(523a) A Consistent Method to Determine Accessible Volume, Area and Accessible Pore Size Distribution (APSD) of Carbonaceous Materials | AIChE

(523a) A Consistent Method to Determine Accessible Volume, Area and Accessible Pore Size Distribution (APSD) of Carbonaceous Materials

Authors 

Do, D. D. - Presenter, University of Queensland


Accessible volume and accessible area have been introduced recently and argued by the authors as the fundamental structural parameters in the characterization of porous solids because the use of these parameters yields physically realistic Henry constant, isosteric heat and a proper description of surface excess in supercritical adsorption. Recently Fan et al. [1] have provided a detailed computer simulation study as well as an experimental study to derive a proper geometrical area of a nonporous solid and its surface energy distribution. In this presentation we extend their work and present a new procedure to determine the geometrical area and accessible pore volume of a porous carbonaceous solid, and we justify this with a detailed computer simulation study of a number of structured solids. With these model solids whose atom configurations are known we first determine their ?intrinsic? accessible volume and surface area by the method of Monte Carlo integration as suggested by Herrera et al. [2]. These will be the targets to search for in the inverse determination, which is based solely on the information of a ?simulated? adsorption isotherm which we obtain with a Grand Canonical Monte Carlo simulation.
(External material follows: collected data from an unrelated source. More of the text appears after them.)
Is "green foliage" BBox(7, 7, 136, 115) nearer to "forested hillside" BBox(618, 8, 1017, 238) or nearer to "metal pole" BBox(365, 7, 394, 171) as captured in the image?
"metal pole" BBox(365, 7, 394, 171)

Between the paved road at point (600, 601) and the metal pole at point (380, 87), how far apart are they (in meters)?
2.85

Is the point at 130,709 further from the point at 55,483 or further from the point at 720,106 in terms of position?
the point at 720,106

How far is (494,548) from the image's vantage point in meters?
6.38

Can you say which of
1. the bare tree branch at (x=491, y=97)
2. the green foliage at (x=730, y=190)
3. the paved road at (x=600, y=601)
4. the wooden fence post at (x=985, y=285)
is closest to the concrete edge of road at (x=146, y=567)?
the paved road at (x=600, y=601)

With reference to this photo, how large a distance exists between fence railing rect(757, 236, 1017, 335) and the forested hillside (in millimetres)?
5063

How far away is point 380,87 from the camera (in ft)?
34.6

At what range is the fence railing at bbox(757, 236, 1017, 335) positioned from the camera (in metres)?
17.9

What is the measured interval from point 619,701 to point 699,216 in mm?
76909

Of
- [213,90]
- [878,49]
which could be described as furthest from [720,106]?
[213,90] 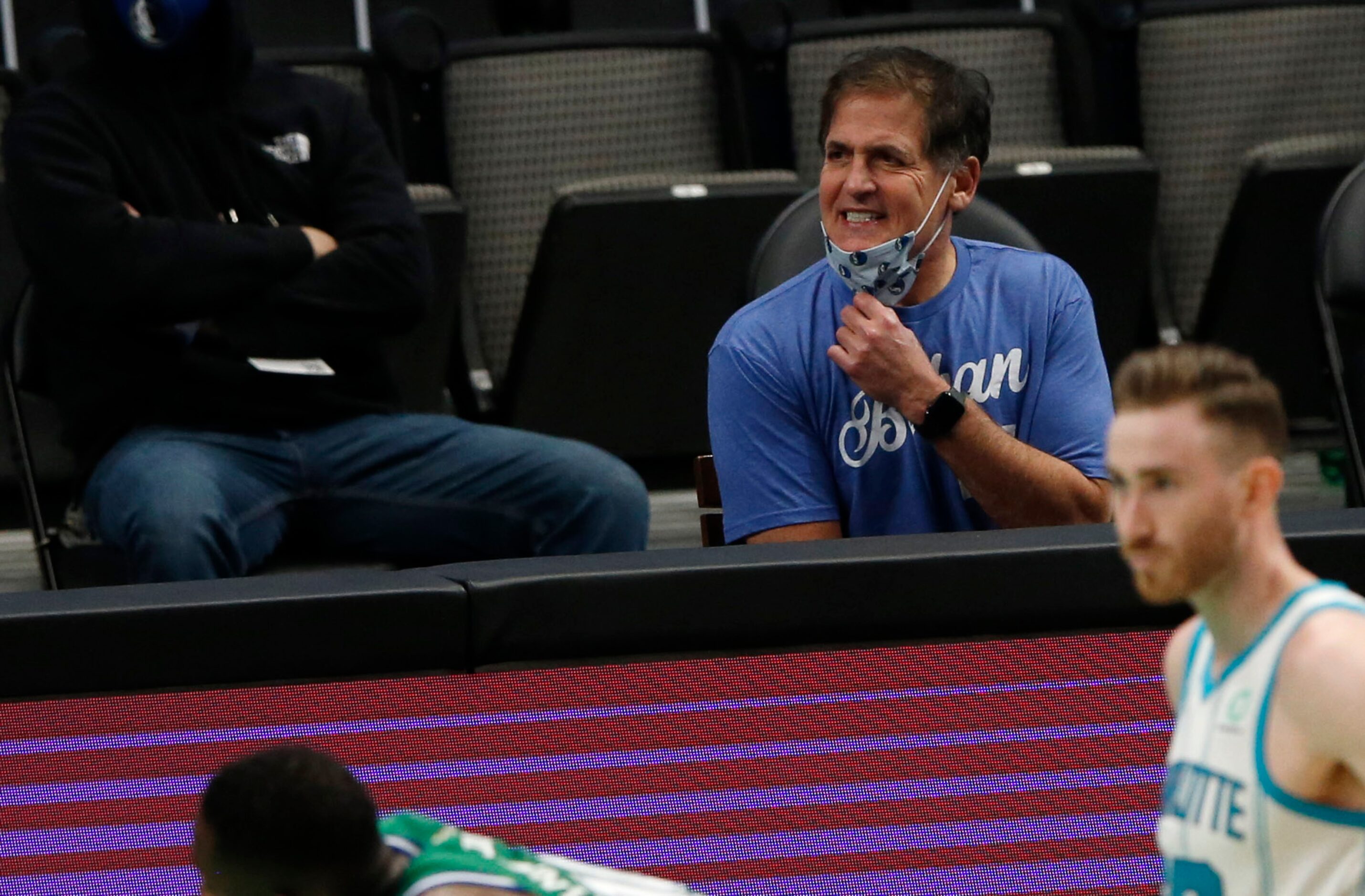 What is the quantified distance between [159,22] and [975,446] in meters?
1.43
Secondly we construct a kernel (which is a set of local isotherms of some model pores) and postulate that the theoretical adsorption isotherm of the solid is a linear combination of all local isotherms in the kernel, and then match the theoretical isotherm to the ?computer-experiment? adsorption isotherm. This matching will allow us to derive the accessible volume, area and pore size distribution, which are then compared against the targets. The results are very promising, suggesting that this method could be a potential tool to determine structural parameters of a porous solid. Detailed discussion of this new method will be presented at the meeting.